**About this task:** Repeat only the lines from the one containing "Vintage Usn Leather" to the final line below, exactly as they read, and leave every picture out.

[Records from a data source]
Start of Block
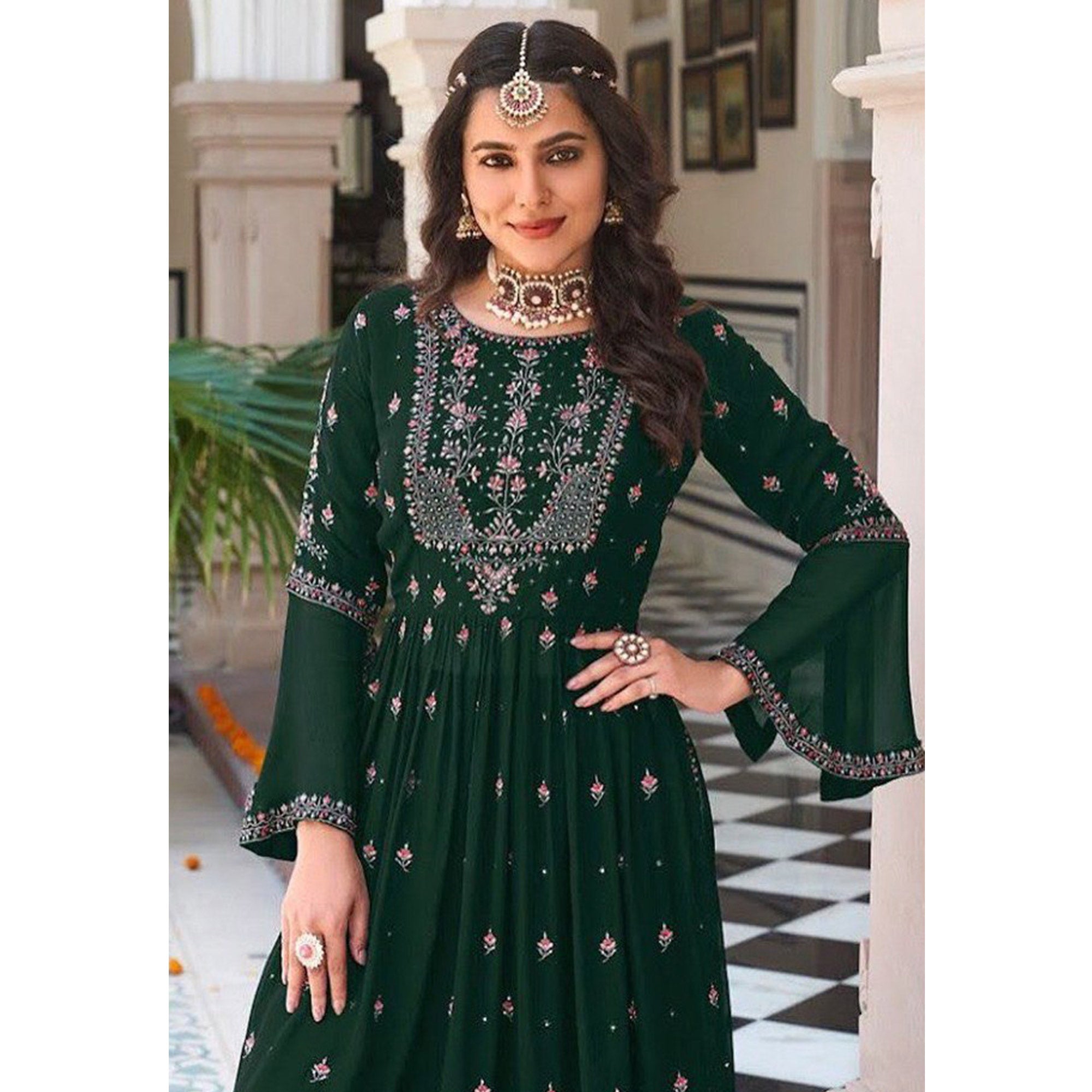 Green Floral Embroidered Georgette Naira Cut Sharara Suit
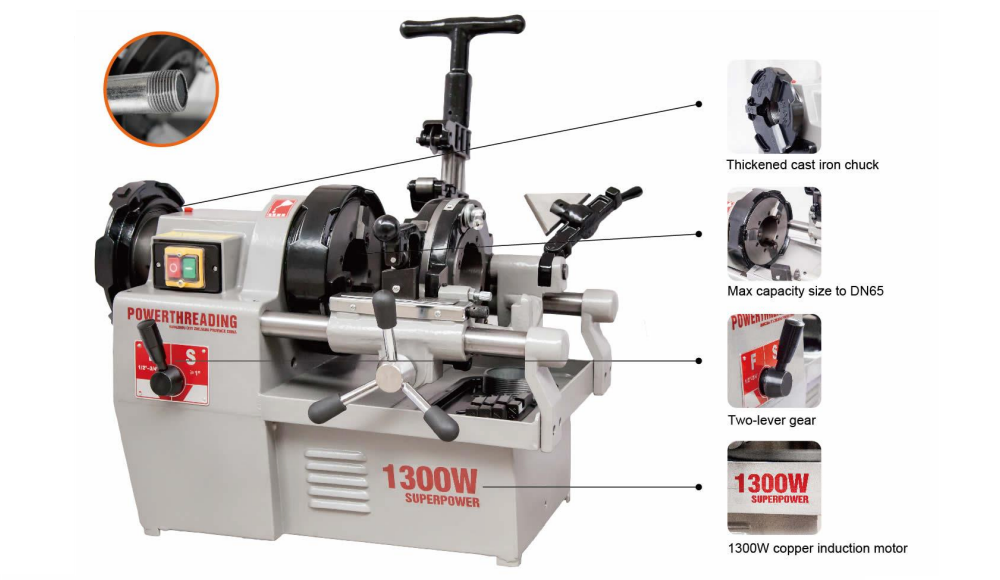 Máquina roscadora de tubos de gas y contraincendios de 2,5 pulgadas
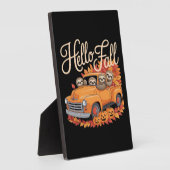 ハロー秋おもしろいスロスハロウィンパミクラシックキンT- フォトプラーク (側面)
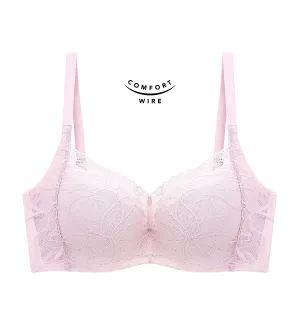 Body Make Up Illusion Lace Wired Half Cup Padded Bra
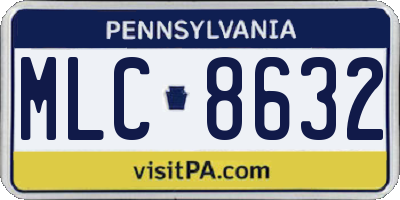 PA license plate MLC8632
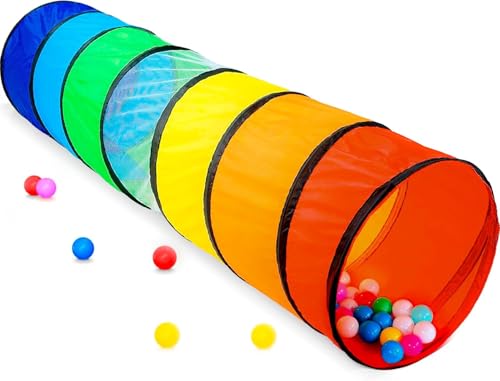 NUBUNI Kinder Tunnel XL 180 cm | Kinder Krabbeltunnel | Parcour Kinder Outdoor Indoor | Baby Klettern ab 1 Jahr | Baby Tunnel Krabbeln | Kriechtunnel | Spieltunnel Kind | A (Bälle Nicht Enthalten) von NUBUNI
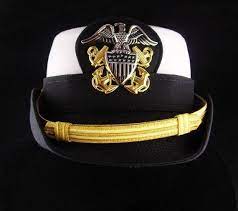 Vintage Usn Leather Hat Us Navy White Woman Officers Hat Etsy Leather Hats Women Officer Leather Top Hat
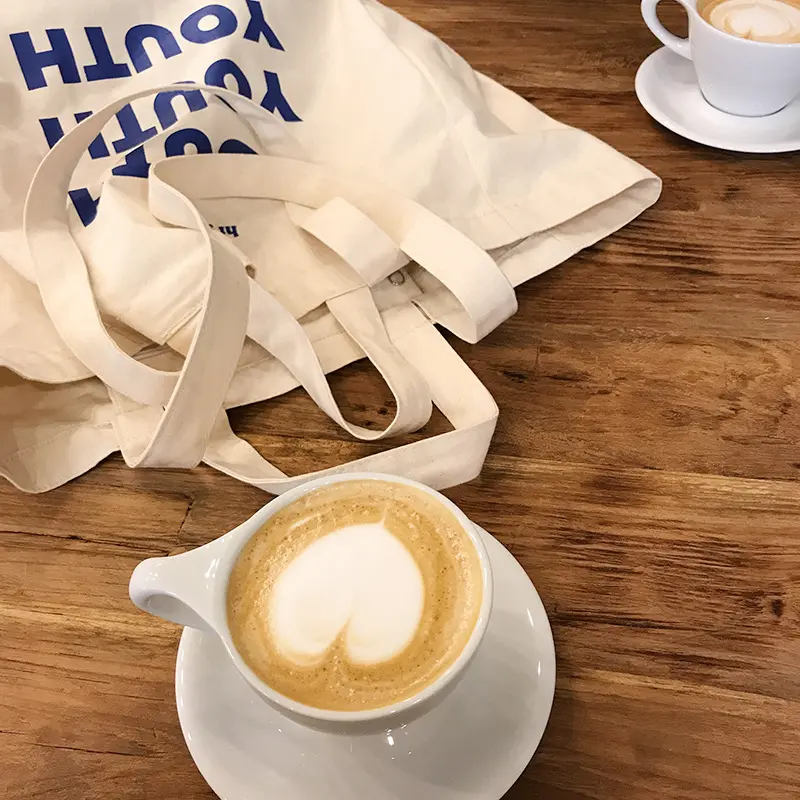 Women Canvas Shopping Bag YOUTH Letters Print Female Cotton Cloth Shoulder Bag Eco Handbag Tote Reusable Grocery Shopper Bags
End of Block
**Output for this task:**
 Vintage Usn Leather Hat Us Navy White Woman Officers Hat Etsy Leather Hats Women Officer Leather Top Hat
 Women Canvas Shopping Bag YOUTH Letters Print Female Cotton Cloth Shoulder Bag Eco Handbag Tote Reusable Grocery Shopper Bags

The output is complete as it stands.